**What the exercise asks**: Beneath this line is the data. Output exactly the lines from the line with "I will make" to the line with "LEHMANN retesz (riegel) 2-027 (448270027)", both ends included, and nothing more.

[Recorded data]
=-=-=-=-=

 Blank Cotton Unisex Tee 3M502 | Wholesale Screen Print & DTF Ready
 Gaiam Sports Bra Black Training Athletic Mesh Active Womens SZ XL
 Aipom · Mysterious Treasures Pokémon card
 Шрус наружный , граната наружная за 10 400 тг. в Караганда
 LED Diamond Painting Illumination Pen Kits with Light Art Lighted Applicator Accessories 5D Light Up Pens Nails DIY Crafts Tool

=-=-=-=-=

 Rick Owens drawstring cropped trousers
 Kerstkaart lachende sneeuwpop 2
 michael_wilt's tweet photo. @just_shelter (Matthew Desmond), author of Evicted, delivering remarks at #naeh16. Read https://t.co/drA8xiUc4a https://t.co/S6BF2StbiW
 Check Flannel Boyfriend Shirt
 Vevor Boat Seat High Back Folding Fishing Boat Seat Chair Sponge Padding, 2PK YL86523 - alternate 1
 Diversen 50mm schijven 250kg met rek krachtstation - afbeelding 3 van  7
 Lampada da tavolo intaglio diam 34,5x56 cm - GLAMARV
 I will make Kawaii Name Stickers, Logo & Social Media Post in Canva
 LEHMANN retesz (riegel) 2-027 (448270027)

=-=-=-=-=

**Your solution**:
 I will make Kawaii Name Stickers, Logo & Social Media Post in Canva
 LEHMANN retesz (riegel) 2-027 (448270027)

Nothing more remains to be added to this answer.